> _DATASET CONTENT_
+---+
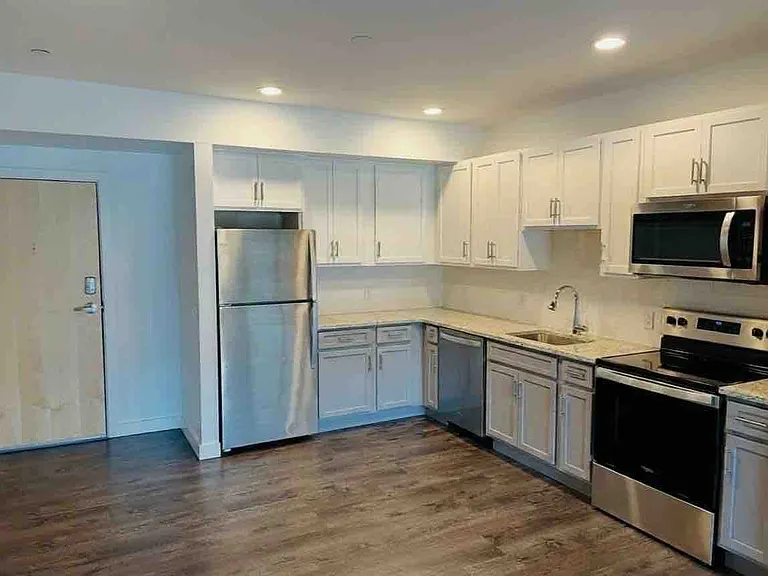 550 New Holland Ave #107 — Photo 2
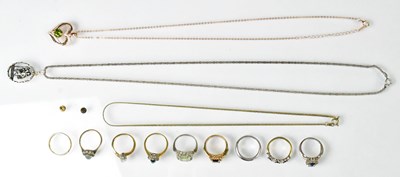 Lot 860 - A mixed lot of jewellery, to include a silver...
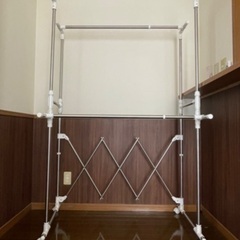 組み立ていらずたくさん干せる室内物干し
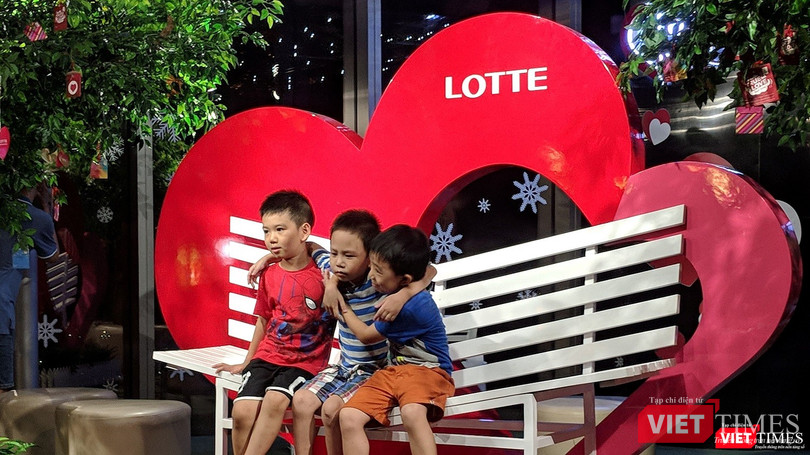 Check-in khu vực Love Photo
+---+
> _TASK GOAL_
If pictures appear in the data, do not print them; repeat the rest exactly.

> _EXPECTED OUTPUT_
 550 New Holland Ave #107 — Photo 2
 Lot 860 - A mixed lot of jewellery, to include a silver...
 組み立ていらずたくさん干せる室内物干し
 Check-in khu vực Love Photo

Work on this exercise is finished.